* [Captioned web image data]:

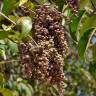 Fotografia 10 da espécie Ligustrum lucidum do Jardim Botânico UTAD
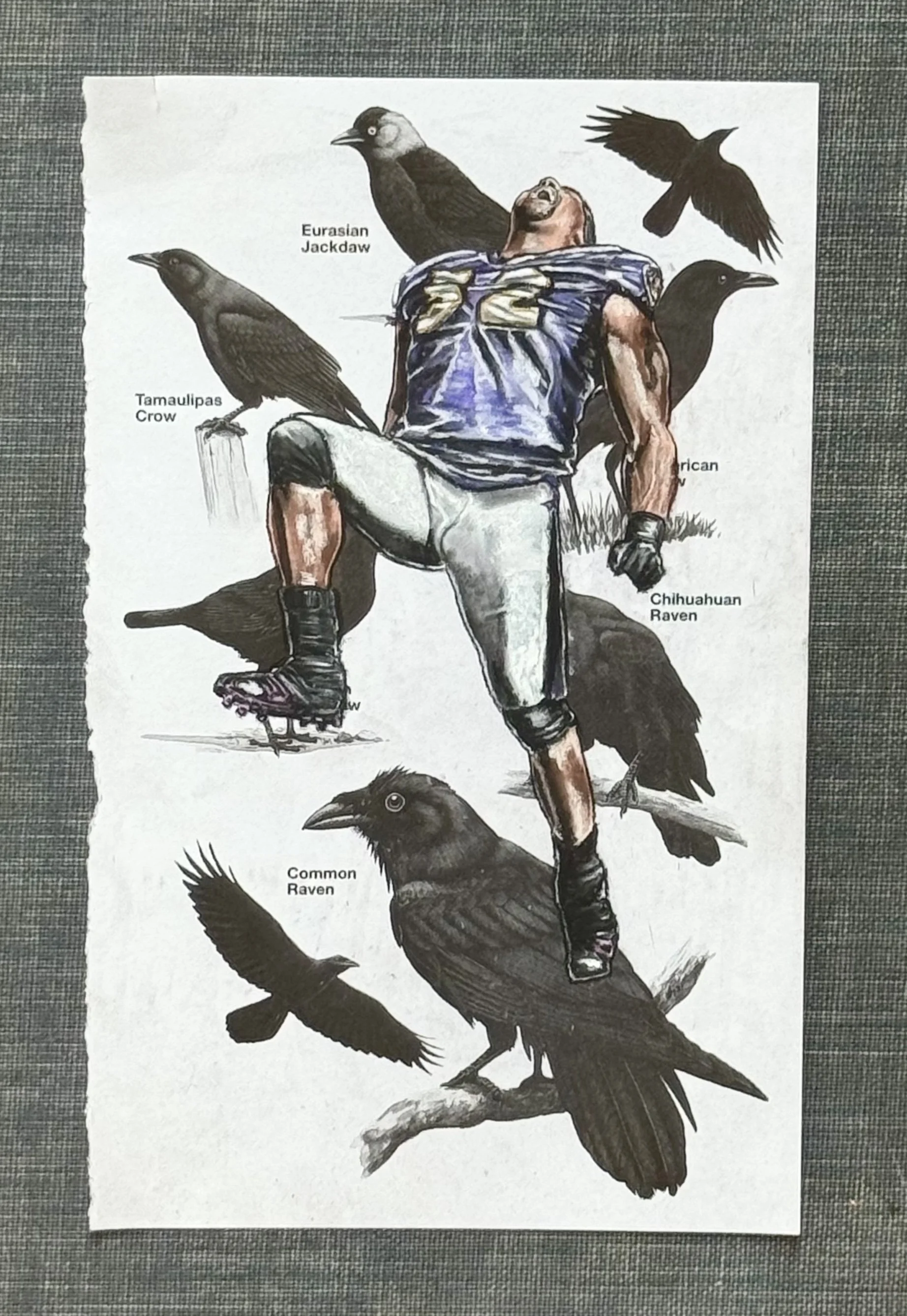 Ray Lewis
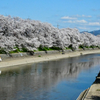 今年も来ました。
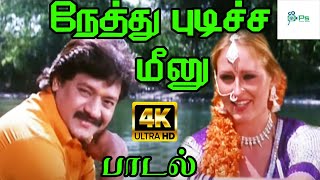 Nethu Pudicha Meenu நேத்து புடிச்ச மீனு  K S Chithra Suresh Peters  Love Duet H D Song [upl. by Baxie105]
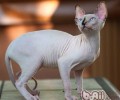 猫咪有幽默感吗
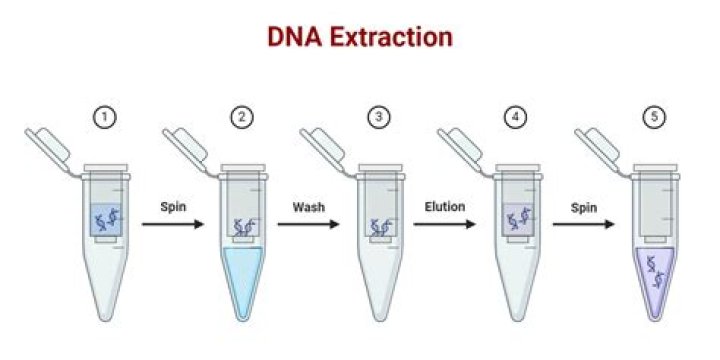 What is chelex extraction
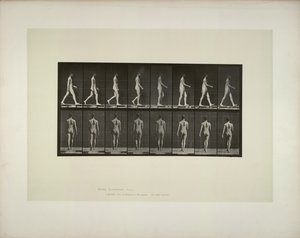 Animal locomotion: males pelvis cloth by Eadweard Muybridge
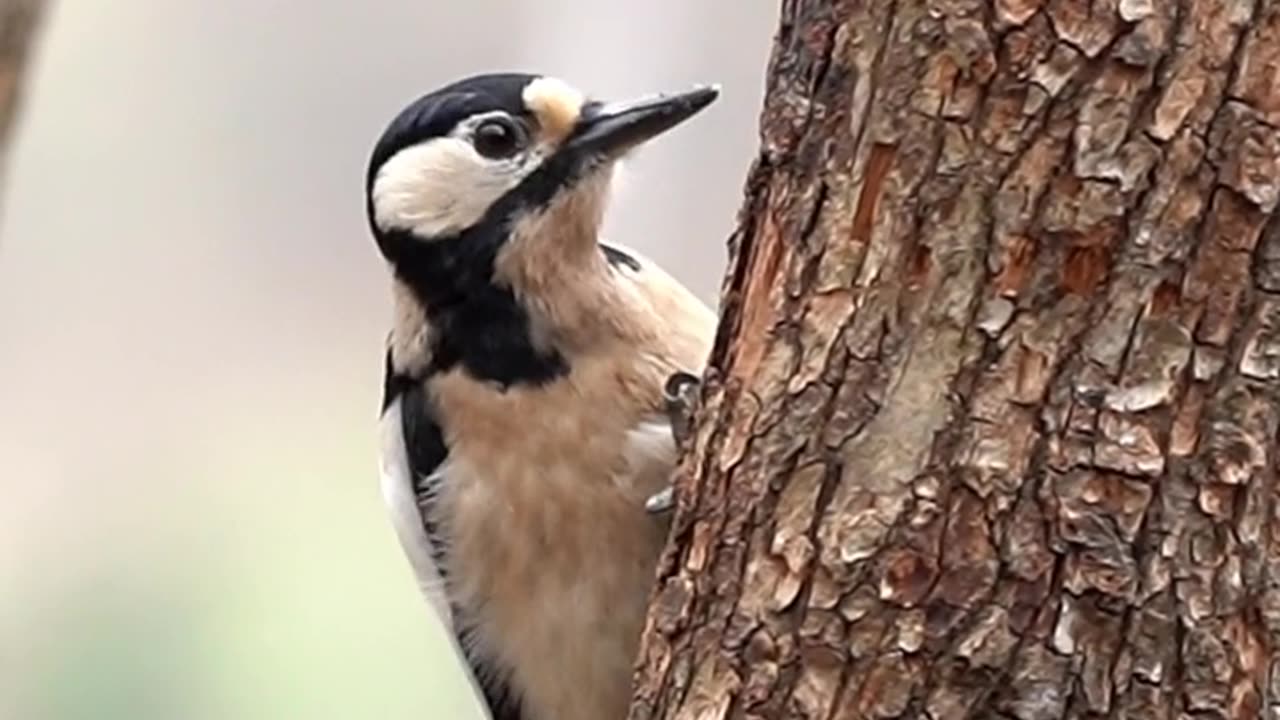 Woodcut animal video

* [WHAT IS BEING ASKED]:
Repeat the data verbatim through the "What is chelex extraction" line, no pictures.

* [RESPONSE TO THIS TASK]:
 Fotografia 10 da espécie Ligustrum lucidum do Jardim Botânico UTAD
 Ray Lewis
 今年も来ました。
 Nethu Pudicha Meenu நேத்து புடிச்ச மீனு  K S Chithra Suresh Peters  Love Duet H D Song [upl. by Baxie105]
 猫咪有幽默感吗
 What is chelex extraction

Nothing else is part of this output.